Vaux, a Newport lawyer and former Pontypool player, is the third president or would-be president to resign in consequence. Clive Rowlands, who was president at the time, swiftly changed his mind but Rhys Williams, who would have been president in 1991-92, did not. Vaux and Gwilym Treharne stepped down as the WRU's International Board, Five Nations and home unions delegates, though Treharne still became president during 1990-91.

'If I stood for the presidency I feel there would be a number of dissenting clubs and the effect of that would be divisive for Welsh rugby and the WRU,' Vaux said last night. As many as seven of the WRU's nine geographical districts were arrayed against him and Vaux knew his support was embarrassingly low, mainly as a result of his role as a go-between for the SARB in 1989.

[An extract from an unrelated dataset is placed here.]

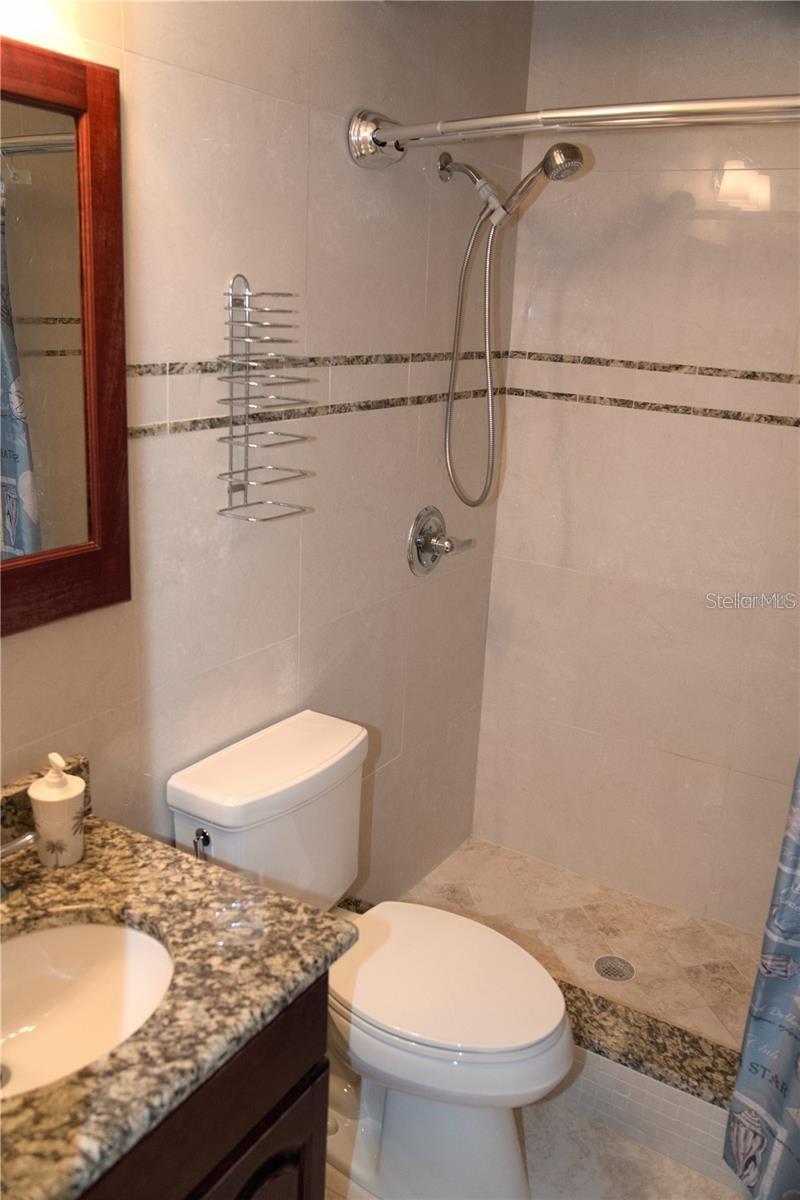 Image 19 of 31 For 2506 Rocky Point Drive 341
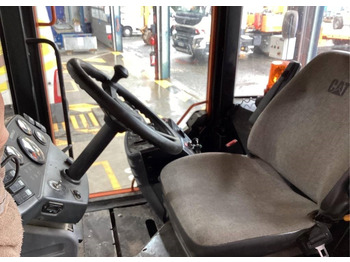 Rouleau compresseur CAT CB 434 D: photos 3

Originally, no Welsh players accepted the invitation; Vaux claims that he was merely discharging his responsibility as an IB member. His withdrawal came only nine days before a WRU special general meeting in Port Talbot at which a motion of no-confidence will be proposed in the general committee due to 'its unacceptable conduct of the union's affairs', with another calling for the resignation of nearly all the committee.